Since as early as the 18th Century, there have been many theories as to the possible causes of juvenile crime. Scientific, biological, environmental and economical factors have all been put forward as singular explanations. Modern theorists however feel that one single factor is not likely to be the only answer. Most favour "multiple" factors. Multiple factors is a combination of influences that come into play together throughout the childhood of juveniles and this seems to be the most plausible explanation.

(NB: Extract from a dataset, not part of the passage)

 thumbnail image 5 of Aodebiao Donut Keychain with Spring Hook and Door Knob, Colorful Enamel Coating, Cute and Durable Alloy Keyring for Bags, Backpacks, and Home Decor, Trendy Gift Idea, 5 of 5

The influences that make up the "multiple" factors theory are thought to be combinations of biological, psychological, cultural, economic and political.
Below, I will discuss some of these influences that, when present in a child's life, can increase the chances of a child committing a crime.
Children learn from their family. They learn right from wrong from the family around them. Parents and siblings that behave in an unacceptable manner lead to the child believing that this is "normal" behaviour.
Research has shown that "children who have anti-social or violent parents are more likely to be anti-social or violent themselves" (p673) 1.
Poor parental supervision often means that they do not know where or what their child is doing. They often find out about a child's involvement in anti-social or criminal behaviour via other people.
Adding to this, parents that show little or no interest do not reprimand bad behaviour. This lack of discipline means a child does not relate their behaviour with any adverse consequences, and so has no fear of what the outcome of their bad behaviour will be.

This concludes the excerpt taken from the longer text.